Come prevedibile il governo israeliano ha detto che si tratta di «accuse assurde e false». Per Netanyahu è il «frutto di una decisione antisemita. Equivale a un moderno processo Dreyfus e rischia di finire nello stresso modo». Il premier israeliano ha attaccato il procuratore Karim Khan: «La decisione è stata presa da un procuratore capo corrotto che sta tentando di salvarsi da serie accuse di molestie sessuali e da giudici di parte mossi da odio antisemita contro Israele».

Secondo Gallant, licenziato dal premier a inizio mese dopo le divergenze a livello militare, «il tentativo di impedire a Israele di raggiungere i suoi obiettivi nella sua giusta guerra fallirà». Anche il portavoce del Consiglio della Sicurezza degli Stati Uniti ha respinto le accuse: «Restiamo profondamente preoccupati dalla fretta del procuratore di cercare mandati di arresto e dagli inquietanti errori di processo che hanno portato a questa decisione». Secondo Washington la Corte non ha giurisdizione sulla guerra tra Israele e Hamas e ha fatto intendere che faranno leva su questo punto nei «prossimi passi» da fare insieme agli alleati israeliani.

Anche i leader dell'opposizione israeliana hanno criticato i mandati di arresto. Benny Gantz ha detto che questa decisione dimostra «cecità morale» ed è una «macchia vergognosa di proporzioni storiche che non sarà mai dimenticata». L’ex premier Yair Lapid ha definito i mandati di arresto come un «premio per il terrorismo».

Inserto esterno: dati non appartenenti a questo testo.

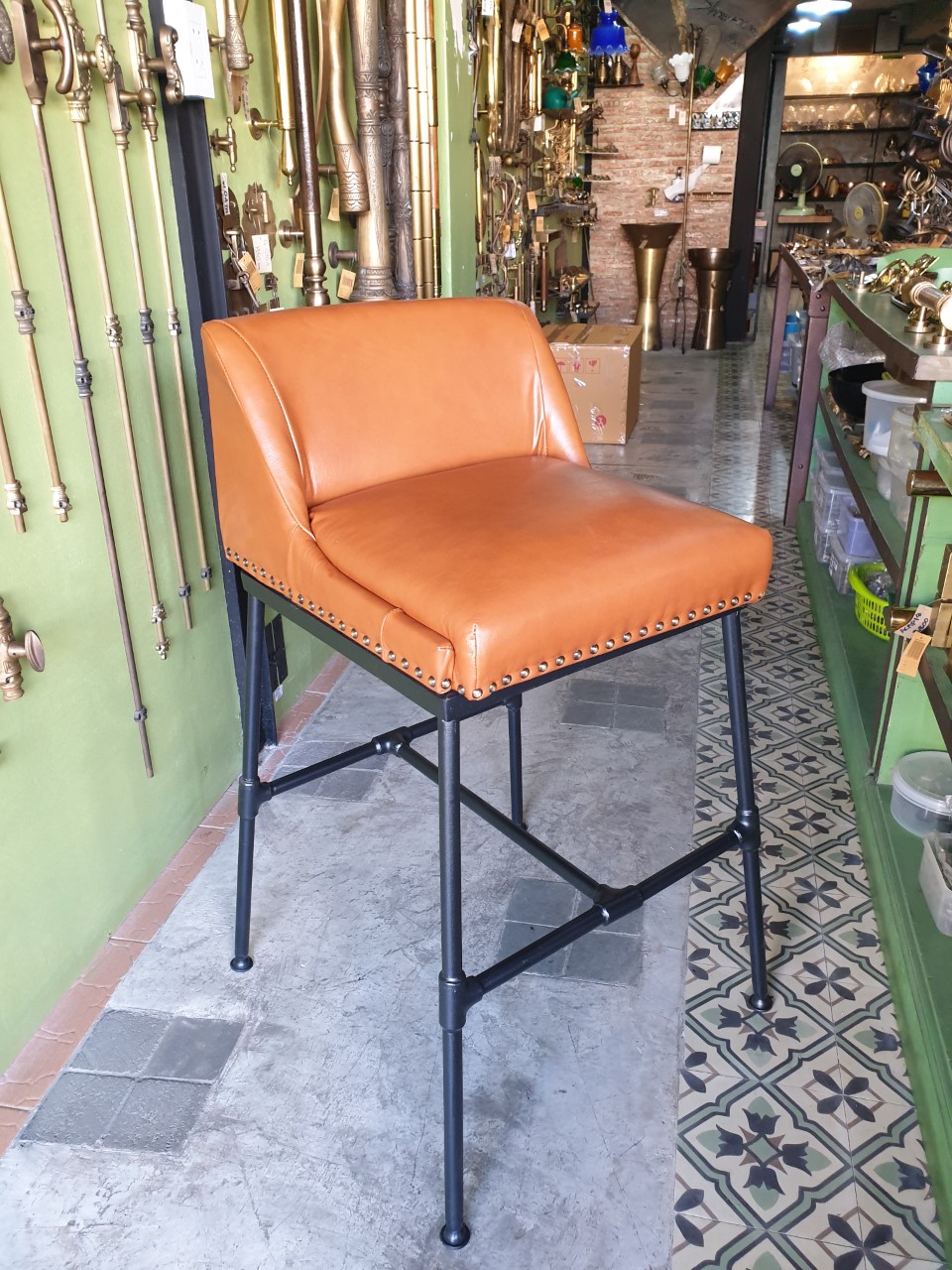 Bar chair iron with leather Item Code IRCL18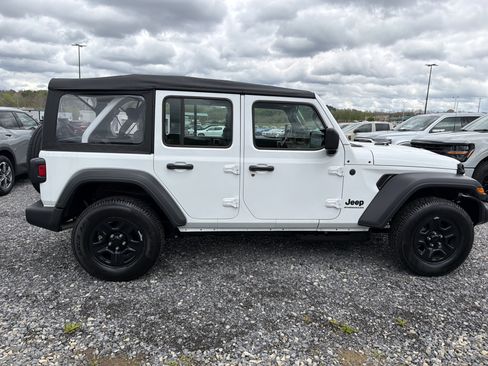 Used 2026 Jeep Wrangler Unlimited Sport AWD/4WD image 5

Il Centro di informazione israeliano per i diritti umani B'tselem ha detto che i crimini commessi sono frutto dell’apartheid israeliana e che la vicenda legale «è uno dei punti più bassi nella storia israeliana». Al momento diversi stati tra cui Olanda e Spagna si sono detti favorevoli ad arrestare Netanyahu e Gallant nel momento in cui mettano piede sul loro stato. Il requisito per l’arresto, infatti, è che questo venga eseguito in uno dei 124 stati aderenti allo statuto della Corte penale internazionale.

Tra questi c’è anche l’Italia, ma la premier Giorgia Meloni non si è ancora espressa. Lo ha fatto invece il ministro degli Esteri Antonio Tajani: «Noi sosteniamo la Cpi ricordando sempre che la Corte deve svolgere un ruolo giuridico e non un ruolo politico. Valuteremo insieme ai nostri alleati cosa fare e come interpretare questa decisione e come comportarci insieme su questa vicenda». Secondo fonti della Lega si tratta di una «richiesta assurda, una sentenza politica filo-islamica, che allontana una pace necessaria». Nonostante le divisioni il procuratore capo della Cpi ha fatto appello a tutti gli stati «affinché rispettino il loro impegno nei confronti dello Statuto di Roma ottemperando ai mandati di arresto».